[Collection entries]
########################################

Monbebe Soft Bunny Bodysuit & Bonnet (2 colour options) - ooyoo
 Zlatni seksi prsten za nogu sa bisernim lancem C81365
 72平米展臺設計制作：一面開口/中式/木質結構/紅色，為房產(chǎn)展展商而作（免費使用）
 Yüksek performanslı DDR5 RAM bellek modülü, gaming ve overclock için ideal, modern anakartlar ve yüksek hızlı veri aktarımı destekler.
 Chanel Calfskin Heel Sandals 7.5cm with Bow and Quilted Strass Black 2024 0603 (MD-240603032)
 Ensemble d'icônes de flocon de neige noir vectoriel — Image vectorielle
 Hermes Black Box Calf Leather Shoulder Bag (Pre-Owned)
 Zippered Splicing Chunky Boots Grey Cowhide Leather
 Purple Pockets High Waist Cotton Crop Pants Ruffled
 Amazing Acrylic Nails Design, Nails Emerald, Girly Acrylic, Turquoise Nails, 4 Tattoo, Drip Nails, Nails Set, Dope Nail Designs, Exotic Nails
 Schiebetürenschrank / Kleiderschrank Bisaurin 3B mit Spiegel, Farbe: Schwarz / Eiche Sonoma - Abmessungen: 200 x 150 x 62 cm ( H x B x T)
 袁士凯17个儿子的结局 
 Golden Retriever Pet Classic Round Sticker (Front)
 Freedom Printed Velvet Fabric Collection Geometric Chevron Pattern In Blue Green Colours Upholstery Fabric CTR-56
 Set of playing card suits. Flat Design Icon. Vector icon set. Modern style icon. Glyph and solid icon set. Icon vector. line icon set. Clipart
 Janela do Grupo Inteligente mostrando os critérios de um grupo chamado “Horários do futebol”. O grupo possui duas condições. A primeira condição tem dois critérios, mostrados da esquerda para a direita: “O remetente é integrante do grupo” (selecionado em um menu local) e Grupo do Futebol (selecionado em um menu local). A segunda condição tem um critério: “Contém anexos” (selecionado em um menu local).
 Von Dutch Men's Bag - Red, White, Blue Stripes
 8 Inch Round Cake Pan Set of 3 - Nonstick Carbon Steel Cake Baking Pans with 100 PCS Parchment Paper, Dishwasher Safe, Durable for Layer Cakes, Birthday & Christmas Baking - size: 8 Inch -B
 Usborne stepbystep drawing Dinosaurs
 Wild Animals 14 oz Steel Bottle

########################################

EXERCISE INSTRUCTIONS: Nothing but the lines from the line containing "8 Inch Round" through the final line of the entries should appear in your answer, copied exactly.

ANSWER TO THIS TASK:
 8 Inch Round Cake Pan Set of 3 - Nonstick Carbon Steel Cake Baking Pans with 100 PCS Parchment Paper, Dishwasher Safe, Durable for Layer Cakes, Birthday & Christmas Baking - size: 8 Inch -B
 Usborne stepbystep drawing Dinosaurs
 Wild Animals 14 oz Steel Bottle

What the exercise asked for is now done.